### Activity
Return every line from the one with "Thumbnail: 2025 Porsche Cayenne - 11" through the one with "Scatola Commutatori Piantone", inclusive, exactly as it appears below.

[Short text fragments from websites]
***
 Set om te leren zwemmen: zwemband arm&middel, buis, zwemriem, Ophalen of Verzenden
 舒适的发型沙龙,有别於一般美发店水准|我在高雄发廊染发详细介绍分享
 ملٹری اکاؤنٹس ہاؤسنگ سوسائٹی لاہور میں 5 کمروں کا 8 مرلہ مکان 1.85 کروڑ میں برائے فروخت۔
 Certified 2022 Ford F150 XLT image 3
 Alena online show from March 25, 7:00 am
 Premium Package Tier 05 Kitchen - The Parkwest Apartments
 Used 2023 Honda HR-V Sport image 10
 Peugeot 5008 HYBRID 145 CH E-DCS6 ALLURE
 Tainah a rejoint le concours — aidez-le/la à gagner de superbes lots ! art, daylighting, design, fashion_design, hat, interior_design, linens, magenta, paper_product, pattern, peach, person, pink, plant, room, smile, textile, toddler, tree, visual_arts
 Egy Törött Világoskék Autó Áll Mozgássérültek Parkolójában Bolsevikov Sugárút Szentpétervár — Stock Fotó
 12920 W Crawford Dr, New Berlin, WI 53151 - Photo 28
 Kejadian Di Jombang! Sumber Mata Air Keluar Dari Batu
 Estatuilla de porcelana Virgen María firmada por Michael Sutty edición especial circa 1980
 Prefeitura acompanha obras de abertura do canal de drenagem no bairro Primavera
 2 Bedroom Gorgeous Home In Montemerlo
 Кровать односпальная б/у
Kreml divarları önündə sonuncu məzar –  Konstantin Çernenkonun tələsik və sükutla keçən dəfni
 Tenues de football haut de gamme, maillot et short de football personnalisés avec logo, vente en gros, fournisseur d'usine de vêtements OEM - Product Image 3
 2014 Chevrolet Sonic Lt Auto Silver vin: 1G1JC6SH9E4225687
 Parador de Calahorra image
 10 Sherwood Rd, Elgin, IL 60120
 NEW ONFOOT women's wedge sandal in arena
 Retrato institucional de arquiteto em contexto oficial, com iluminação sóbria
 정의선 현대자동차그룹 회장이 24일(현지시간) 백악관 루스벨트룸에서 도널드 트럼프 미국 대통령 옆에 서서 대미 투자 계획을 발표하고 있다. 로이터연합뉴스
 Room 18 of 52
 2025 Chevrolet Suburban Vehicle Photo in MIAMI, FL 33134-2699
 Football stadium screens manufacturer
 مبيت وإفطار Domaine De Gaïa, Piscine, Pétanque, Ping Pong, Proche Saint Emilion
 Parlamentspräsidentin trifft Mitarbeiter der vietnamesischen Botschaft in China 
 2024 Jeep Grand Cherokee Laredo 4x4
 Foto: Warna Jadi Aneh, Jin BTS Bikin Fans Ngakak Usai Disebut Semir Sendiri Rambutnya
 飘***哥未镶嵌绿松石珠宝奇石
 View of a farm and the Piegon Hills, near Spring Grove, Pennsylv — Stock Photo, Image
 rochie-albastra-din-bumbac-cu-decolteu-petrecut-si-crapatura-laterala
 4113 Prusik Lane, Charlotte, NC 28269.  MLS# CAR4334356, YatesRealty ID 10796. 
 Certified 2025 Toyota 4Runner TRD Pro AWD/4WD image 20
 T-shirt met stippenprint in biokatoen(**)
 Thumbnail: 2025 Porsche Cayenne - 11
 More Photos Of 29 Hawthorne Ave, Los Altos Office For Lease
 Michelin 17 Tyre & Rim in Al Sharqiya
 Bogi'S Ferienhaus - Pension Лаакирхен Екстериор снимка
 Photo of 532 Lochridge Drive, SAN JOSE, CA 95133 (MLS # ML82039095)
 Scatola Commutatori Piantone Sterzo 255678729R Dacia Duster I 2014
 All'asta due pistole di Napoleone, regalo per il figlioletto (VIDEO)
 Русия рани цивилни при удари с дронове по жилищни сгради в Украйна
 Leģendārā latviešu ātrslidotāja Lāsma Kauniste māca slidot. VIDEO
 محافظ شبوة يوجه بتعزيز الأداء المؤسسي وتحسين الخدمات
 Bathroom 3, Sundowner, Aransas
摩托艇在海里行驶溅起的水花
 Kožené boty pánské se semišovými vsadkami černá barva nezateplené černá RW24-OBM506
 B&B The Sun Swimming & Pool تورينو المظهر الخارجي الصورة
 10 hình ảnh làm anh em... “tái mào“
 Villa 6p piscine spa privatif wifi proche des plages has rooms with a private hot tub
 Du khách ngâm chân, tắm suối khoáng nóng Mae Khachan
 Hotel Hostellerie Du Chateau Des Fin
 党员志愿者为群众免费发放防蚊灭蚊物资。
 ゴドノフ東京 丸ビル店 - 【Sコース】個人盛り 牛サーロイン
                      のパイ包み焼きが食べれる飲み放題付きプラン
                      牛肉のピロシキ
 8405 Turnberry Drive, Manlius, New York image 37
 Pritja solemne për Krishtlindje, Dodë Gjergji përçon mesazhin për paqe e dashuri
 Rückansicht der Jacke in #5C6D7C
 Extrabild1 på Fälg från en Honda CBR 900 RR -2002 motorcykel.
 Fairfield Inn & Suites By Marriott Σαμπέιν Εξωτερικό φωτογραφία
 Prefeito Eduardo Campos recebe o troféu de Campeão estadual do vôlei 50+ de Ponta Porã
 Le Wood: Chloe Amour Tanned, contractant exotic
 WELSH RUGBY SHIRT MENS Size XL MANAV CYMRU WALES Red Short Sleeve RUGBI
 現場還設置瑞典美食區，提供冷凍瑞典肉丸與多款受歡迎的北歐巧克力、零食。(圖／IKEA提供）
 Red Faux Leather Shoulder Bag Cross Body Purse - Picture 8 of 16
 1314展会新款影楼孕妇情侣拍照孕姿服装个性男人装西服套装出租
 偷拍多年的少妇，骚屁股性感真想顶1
***
### Task response
 Thumbnail: 2025 Porsche Cayenne - 11
 More Photos Of 29 Hawthorne Ave, Los Altos Office For Lease
 Michelin 17 Tyre & Rim in Al Sharqiya
 Bogi'S Ferienhaus - Pension Лаакирхен Екстериор снимка
 Photo of 532 Lochridge Drive, SAN JOSE, CA 95133 (MLS # ML82039095)
 Scatola Commutatori Piantone Sterzo 255678729R Dacia Duster I 2014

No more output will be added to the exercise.